Task directions
Would you retype exactly the lines below, starting with the one that has "Patent US12306934 Figure" and going on through the one that has "An Active Strategy", with no pictures and nothing else?

Supplied material
########

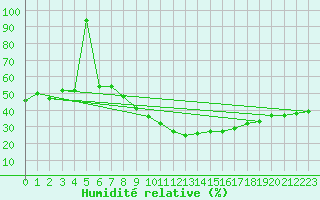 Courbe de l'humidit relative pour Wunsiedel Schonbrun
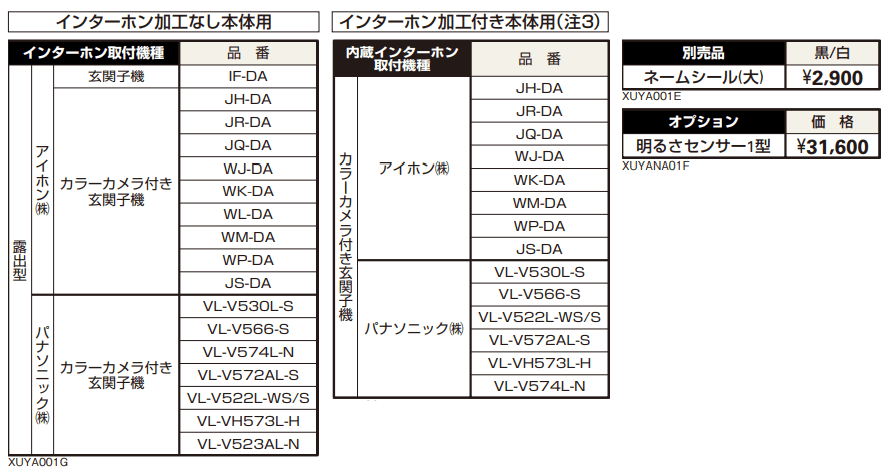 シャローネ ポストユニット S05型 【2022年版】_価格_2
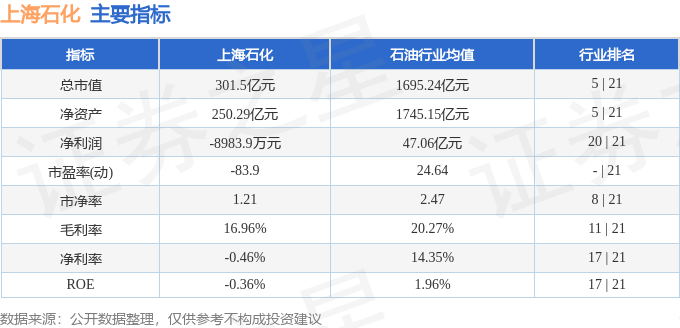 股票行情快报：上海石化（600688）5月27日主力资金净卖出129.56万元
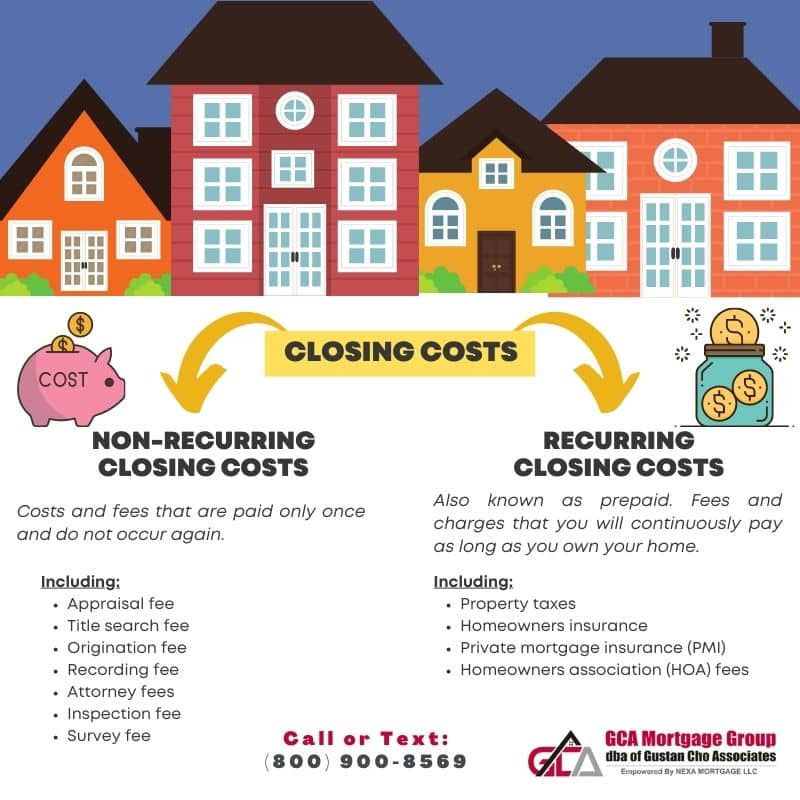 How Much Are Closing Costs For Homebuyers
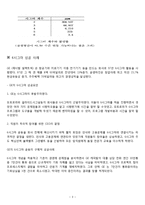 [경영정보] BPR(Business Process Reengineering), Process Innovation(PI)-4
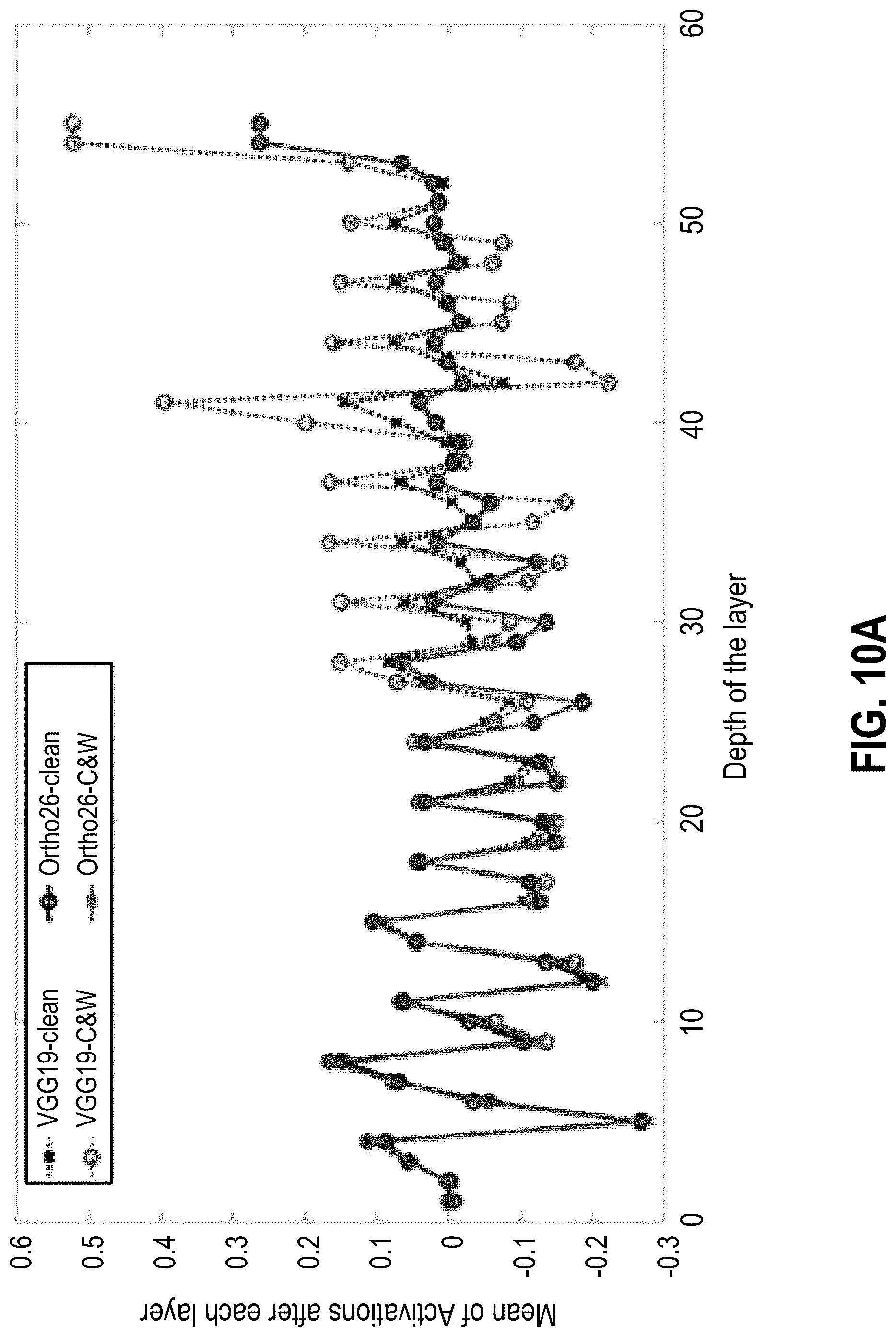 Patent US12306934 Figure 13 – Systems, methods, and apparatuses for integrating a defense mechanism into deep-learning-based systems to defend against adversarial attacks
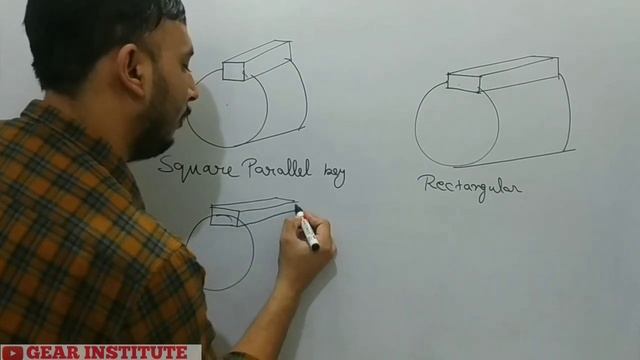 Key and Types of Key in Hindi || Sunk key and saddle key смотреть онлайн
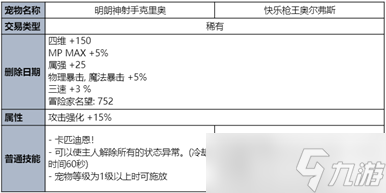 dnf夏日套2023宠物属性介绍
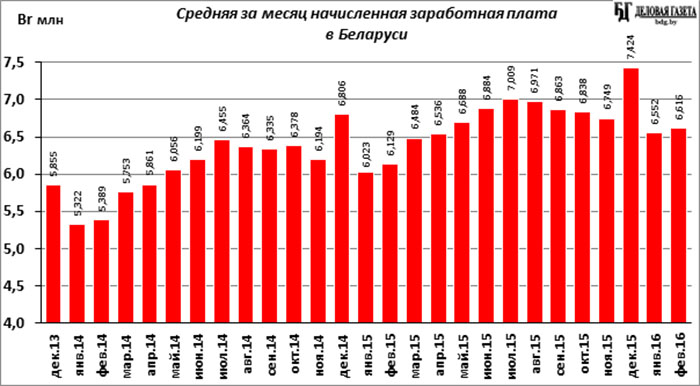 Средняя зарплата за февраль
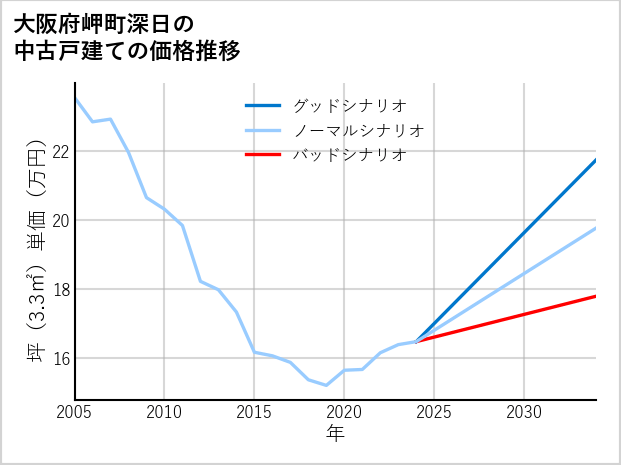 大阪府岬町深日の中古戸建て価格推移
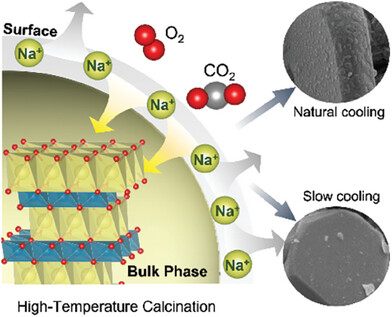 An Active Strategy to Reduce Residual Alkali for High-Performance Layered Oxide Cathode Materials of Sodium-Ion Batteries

########

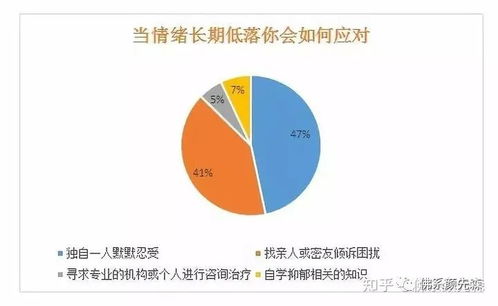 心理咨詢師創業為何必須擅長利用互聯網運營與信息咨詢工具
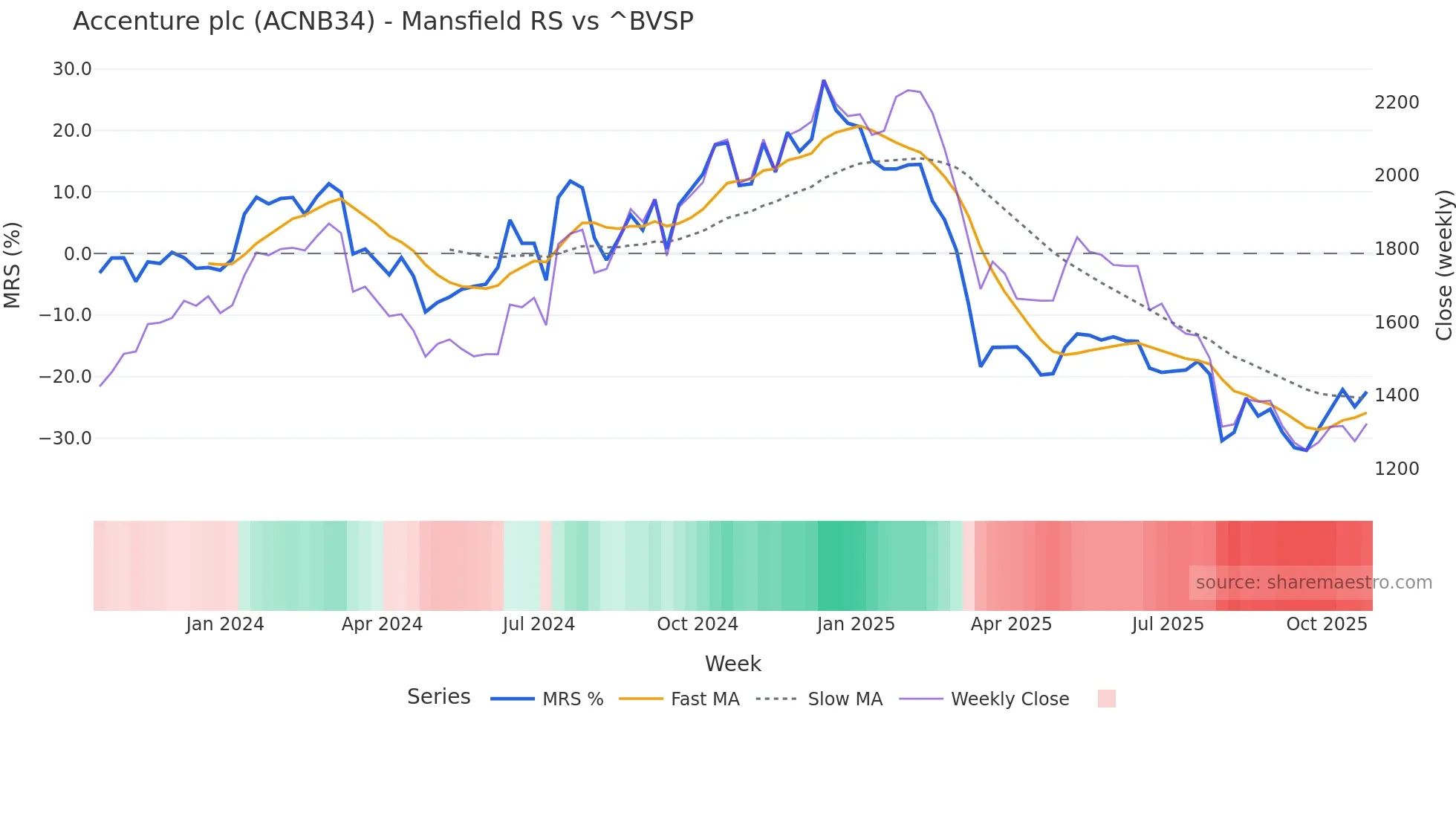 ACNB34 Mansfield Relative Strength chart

########

Answer to this task
 Patent US12306934 Figure 13 – Systems, methods, and apparatuses for integrating a defense mechanism into deep-learning-based systems to defend against adversarial attacks
 Key and Types of Key in Hindi || Sunk key and saddle key смотреть онлайн
 dnf夏日套2023宠物属性介绍
 Средняя зарплата за февраль
 大阪府岬町深日の中古戸建て価格推移
 An Active Strategy to Reduce Residual Alkali for High-Performance Layered Oxide Cathode Materials of Sodium-Ion Batteries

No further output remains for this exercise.